A planetary redesign needs new engineers: youth
Redesigning a system does not always mean starting from scratch. It means finally seeing it clearly: understanding what it was built for, what it left out, and what it must become. More than three billion people live in areas highly vulnerable to climate change, and the impacts fall hardest on those who contributed the least. About 700 million of them live in Asia and the Pacific. This is the generation most exposed to a crisis they did not cause, and they are already responding to it. Nearly 70 percent of people under 18 call it a global emergency. They are not waiting to be asked. They are already drawing up new blueprints.
But a blueprint is only the beginning. A survey of young social entrepreneurs across Asia-Pacific found that 85 percent face challenges advancing climate action, with lack of finance, connections, and training cited as the biggest obstacles. The challenge is rarely the idea for entrepreneurs, innovators, and builders who have grown up with the consequences of a warming world. It is what comes next: the capital, the networks, the support to move from prototype to impact at scale.
That is the gap the Climate Catalysts programme, developed by UNDP and Microsoft, is designed to close. Young people today are more entrepreneurial, more collaborative, and more systems-oriented than any generation before them, but talent and ambition alone are not enough. The programme backs early-stage, youth-led ventures working on clean air, food security, renewable energy, water, and the circular economy, accelerating the most promising founders and helping them translate bold ideas into scalable, investable impact.
What is emerging from the programme’s more than 380 applications is a new kind of sustainable infrastructure: business models, technologies, and community-led approaches that are regenerative by design. From Singapore, Flint is rethinking how we store energy by building batteries from renewable materials that perform without the environmental cost. Greenairy, designs smart plant towers that use natural microbial processes to filter indoor air pollution in offices and schools. Riffai, from Thailand, uses satellite data and AI to identify renewable energy opportunities and the climate risks that shape them.
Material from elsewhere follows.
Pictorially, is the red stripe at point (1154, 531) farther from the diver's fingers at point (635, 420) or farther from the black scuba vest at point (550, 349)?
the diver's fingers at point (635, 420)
That vision of regenerative, community-rooted infrastructure is also what drew Microsoft to the programme. “At Microsoft, we believe that the future of sustainable infrastructure must be built with and for the communities it serves. Guided by our Community Pledge and our commitment to community-first infrastructure, we are working to ensure that our investments – including in data center regions – create lasting local value. This approach is grounded in our broader sustainability commitments – to become a carbon negative, water positive, and zero waste company while protecting ecosystems by 2030 – and in our belief that technology and partnerships can help accelerate climate solutions at scale.
Across Asia and the Pacific, young innovators are leading the way in tackling climate challenges, and through our partnership with UNDP, we are proud to support their efforts to design solutions that are not only scalable, but deeply rooted in community needs – helping to build more resilient, inclusive, and sustainable communities for the future.” Alvin Heng, Vice President, APAC Regional Leader, Microsoft
Across the region, young entrepreneurs are making food systems climate-resilient. Young technologists are building tools that make carbon visible and accountable. Young innovators are reimagining water and waste as resources solutions, not problems. This is no coincidence; across the region, a pattern is forming. What this generation shows us, again and again, is that when young people are given access to capital, networks, and enabling ecosystems, they deliver.
“For UNDP, through the Youth Moonshot, we will continue working with governments, academia, and partners in the private sector like Microsoft to ensure young innovators are not just consulted on the solutions but seated at the table where decisions are made.” Beniam Gebrezghi, Programme Specialist in Civic Society and Youth, UNDP Bangkok Regional Hub
On this World Environment Day, as the world unites around the call to act #NowForClimate, we stand with the young people of Asia and the Pacific who are already answering it. Join us in backing the next generation of climate entrepreneurs, because the future they are building is one we all stand to inherit.